(Stored data)
____________

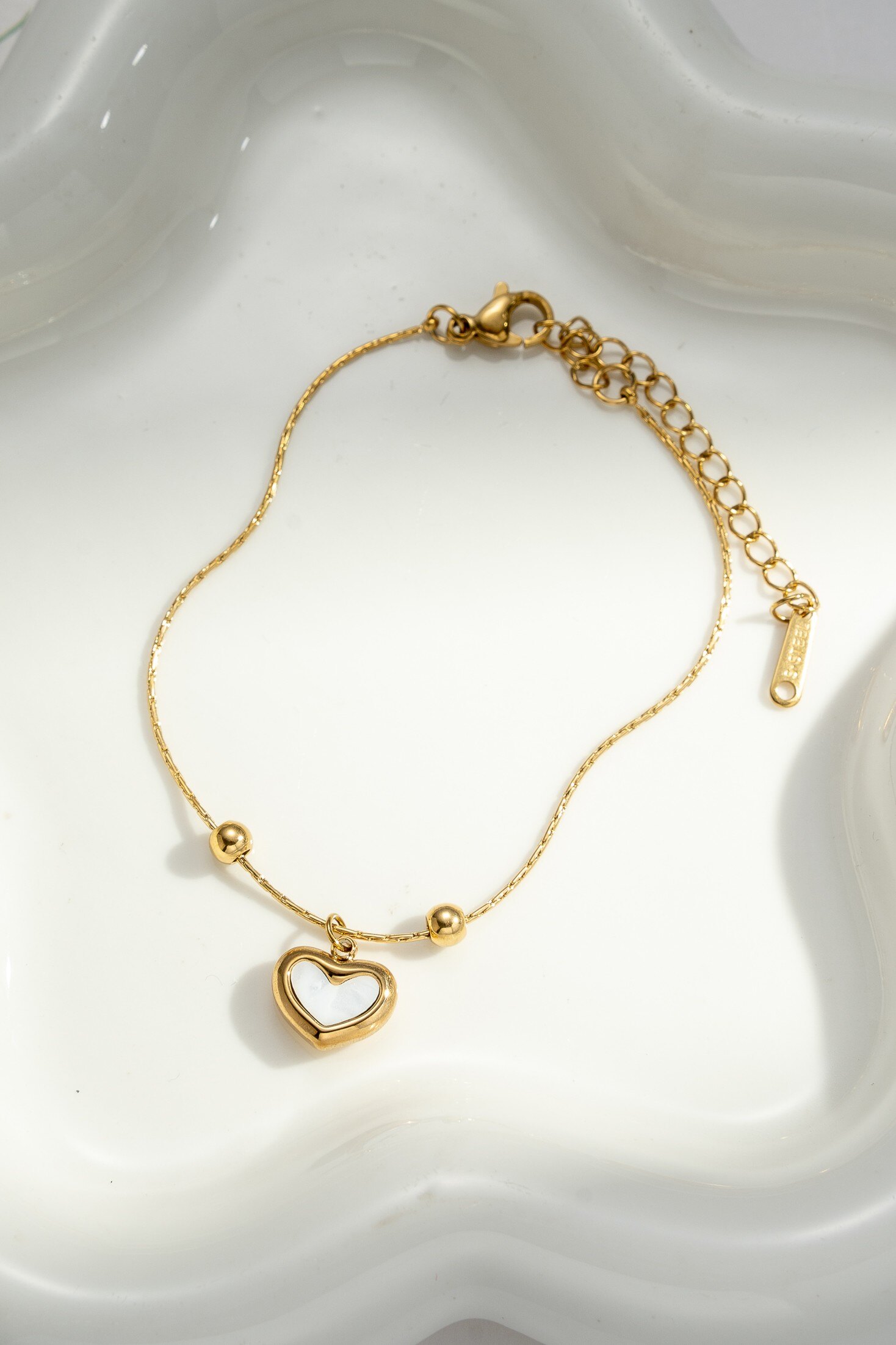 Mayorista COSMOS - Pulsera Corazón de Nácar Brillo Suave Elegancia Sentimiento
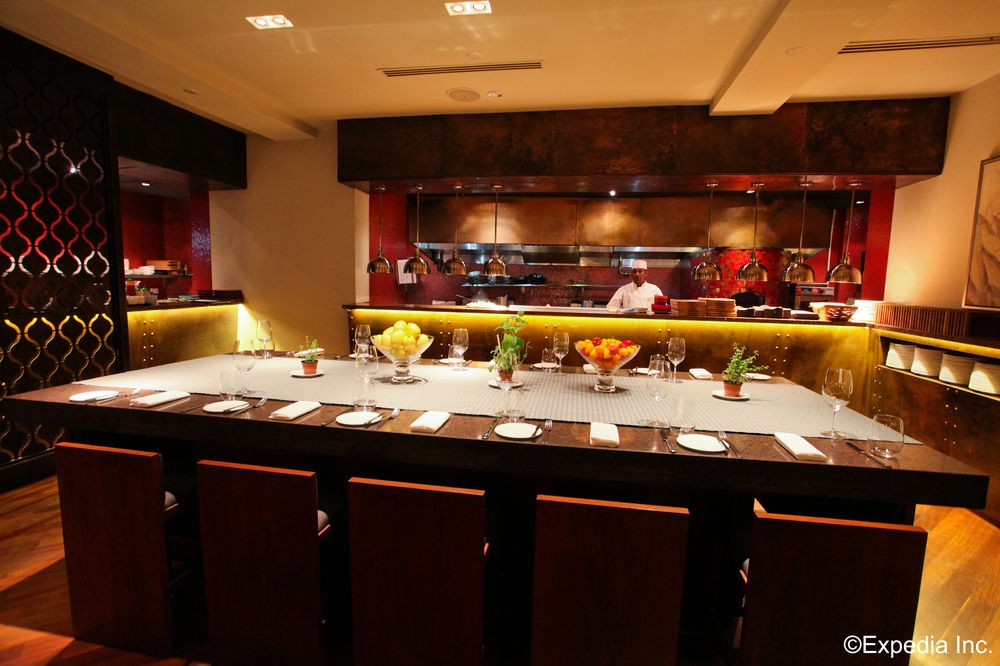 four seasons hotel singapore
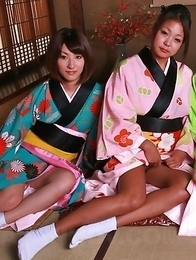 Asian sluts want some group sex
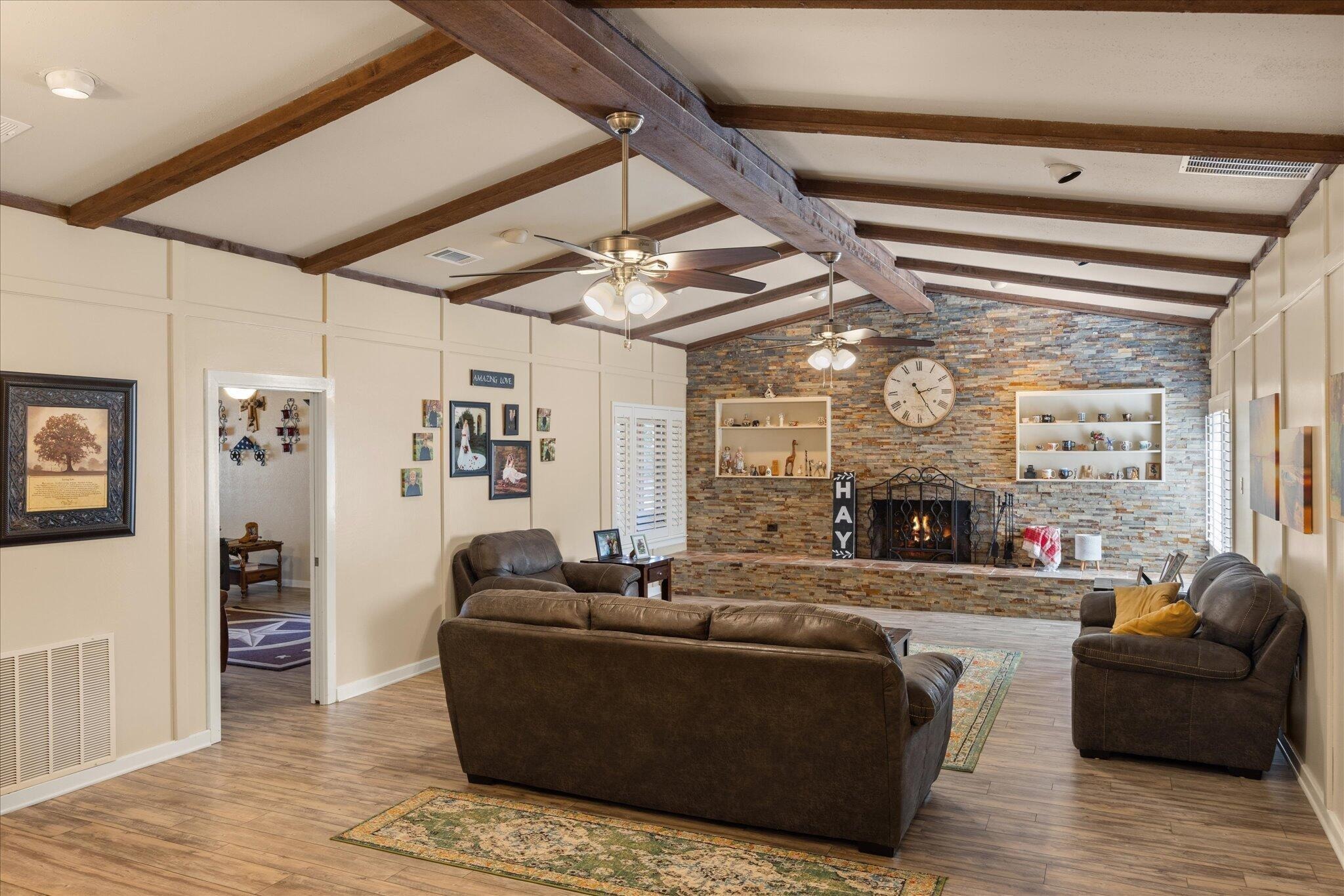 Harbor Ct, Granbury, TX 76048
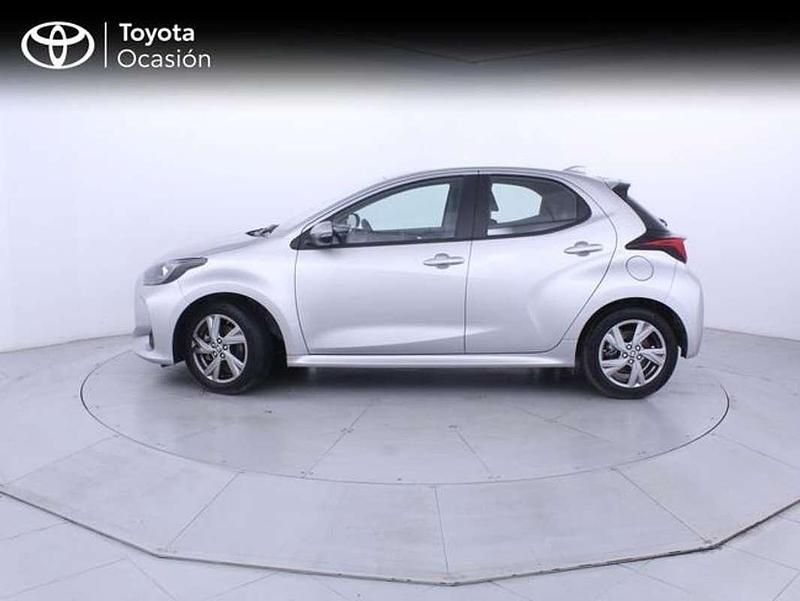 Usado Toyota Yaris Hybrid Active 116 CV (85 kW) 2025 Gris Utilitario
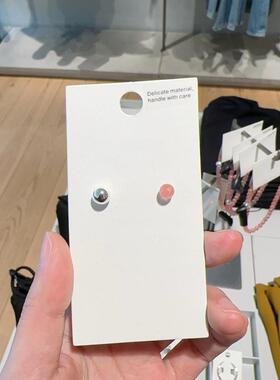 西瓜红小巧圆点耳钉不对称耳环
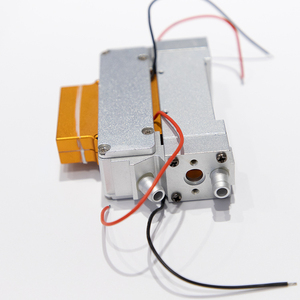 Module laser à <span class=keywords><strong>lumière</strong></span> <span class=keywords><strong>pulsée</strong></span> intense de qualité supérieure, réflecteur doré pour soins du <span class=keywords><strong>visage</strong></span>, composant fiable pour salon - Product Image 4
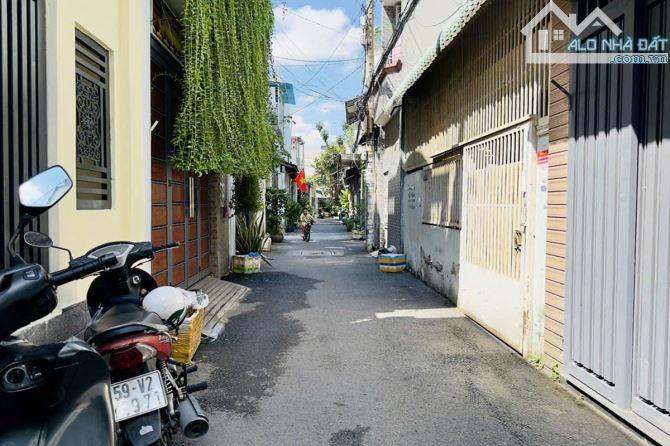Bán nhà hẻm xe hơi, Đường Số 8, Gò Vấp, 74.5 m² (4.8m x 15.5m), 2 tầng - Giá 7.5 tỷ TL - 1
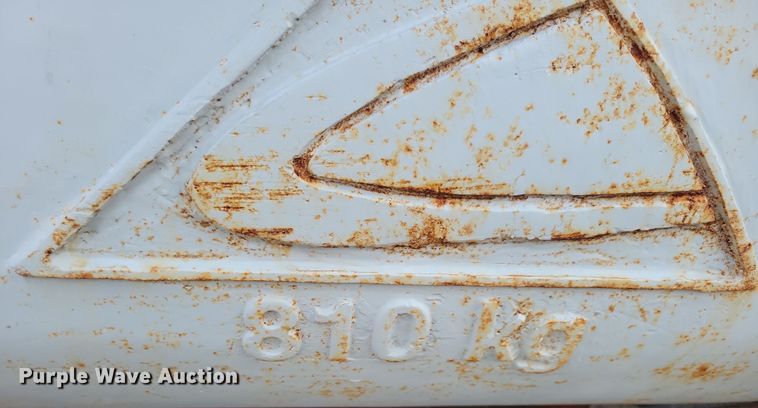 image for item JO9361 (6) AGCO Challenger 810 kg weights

____________

__WHAT YOU WILL DO__: Please extract exactly the lines of the data, from the first through the line containing "西瓜红小巧圆点耳钉不对称耳环", and add no pictures to the copy.

__RESULT__:
 Mayorista COSMOS - Pulsera Corazón de Nácar Brillo Suave Elegancia Sentimiento
 four seasons hotel singapore
 Asian sluts want some group sex
 Harbor Ct, Granbury, TX 76048
 Usado Toyota Yaris Hybrid Active 116 CV (85 kW) 2025 Gris Utilitario
 西瓜红小巧圆点耳钉不对称耳环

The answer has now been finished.